In [1]:
%load_ext rpy2.ipython

3.5 Graphical displays of data and fitted models

Read the data

Data are in the child.iq directory of the ARM_Data download-- you might have to change the path I use below to reflect the path on your computer.


In [2]:
%%R
# I had to import foreign to get access to read.dta
library("foreign")
kidiq <- read.dta("../../ARM_Data/child.iq/kidiq.dta")

# I won't attach kidiq-- i generally don't attach to avoid confusion(s)
#attach(kidiq)

Load the arm library-- see the Chapter 3.1 notebook if you need help.


In [16]:
%%R
library("arm")

Display a regression line as a function of one input variable, Pg 42

This replicate plot 3.2, Pg 33, as seen in previous notebook.


In [4]:
%%R
fit.2 <- lm(kidiq$kid_score ~ kidiq$mom_iq)
plot(kidiq$mom_iq, kidiq$kid_score,
     xlab="Mother IQ score", ylab="Child test score")
curve(coef(fit.2)[1] + coef(fit.2)[2]*x, add=TRUE)


alternately

Another way of adding the fitted line (using matrix formulation):


In [5]:
%%R
plot(kidiq$mom_iq, kidiq$kid_score,
     xlab="Mother IQ score", ylab="Child test score")
curve(cbind(1,x) %*% coef(fit.2), add=TRUE)


Displaying two fitted regression lines, Pg 43

model with no interaction


In [6]:
%%R
# fit, no interactions
fit.3 <- lm(kidiq$kid_score ~ kidiq$mom_hs + kidiq$mom_iq)

# define colors
colors <- ifelse(kidiq$mom_hs==1, "black", "gray")

# plot points
plot(kidiq$mom_iq, kidiq$kid_score,
     xlab="Mother IQ score", ylab="Child test score",
     col=colors, pch=20)

# plot fits, using matrix notation
curve(cbind(1, 1, x) %*% coef(fit.3), add=TRUE, col="black")
curve(cbind(1, 0, x) %*% coef(fit.3), add=TRUE, col="gray")
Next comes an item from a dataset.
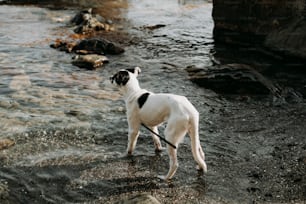 Un perro blanco y negro parado en el agua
alternative sequence of commands


In [7]:
%%R
# set axes, not points
plot(kidiq$mom_iq, kidiq$kid_score,
     xlab="Mother IQ score", ylab="Child test score",
     type="n")

# add points, with appropriate colors
points(kidiq$mom_iq[kidiq$mom_hs==1], kidiq$kid_score[kidiq$mom_hs==1],
       pch=20, col="black")
points(kidiq$mom_iq[kidiq$mom_hs==0], kidiq$kid_score[kidiq$mom_hs==0],
       pch=20, col="gray")

# add fits, using matrix notation
curve(cbind(1, 1, x) %*% coef(fit.3), add=TRUE, col="black")
curve(cbind(1, 0, x) %*% coef(fit.3), add=TRUE, col="gray")


model with interaction


In [8]:
%%R
# fit with interactions
fit.4 <- lm(kidiq$kid_score ~ kidiq$mom_hs + kidiq$mom_iq + kidiq$mom_hs:kidiq$mom_iq)

# setup colors
colors <- ifelse(kidiq$mom_hs==1, "black", "gray")

# plot points using colors
plot(kidiq$mom_iq, kidiq$kid_score,
     xlab="Mother IQ score", ylab="Child test score",
     col=colors, pch=20)

# add fits using matrix notation
curve(cbind(1, 1, x, 1*x) %*% coef(fit.4), add=TRUE, col="black")
curve(cbind(1, 0, x, 0*x) %*% coef(fit.4), add=TRUE, col="gray")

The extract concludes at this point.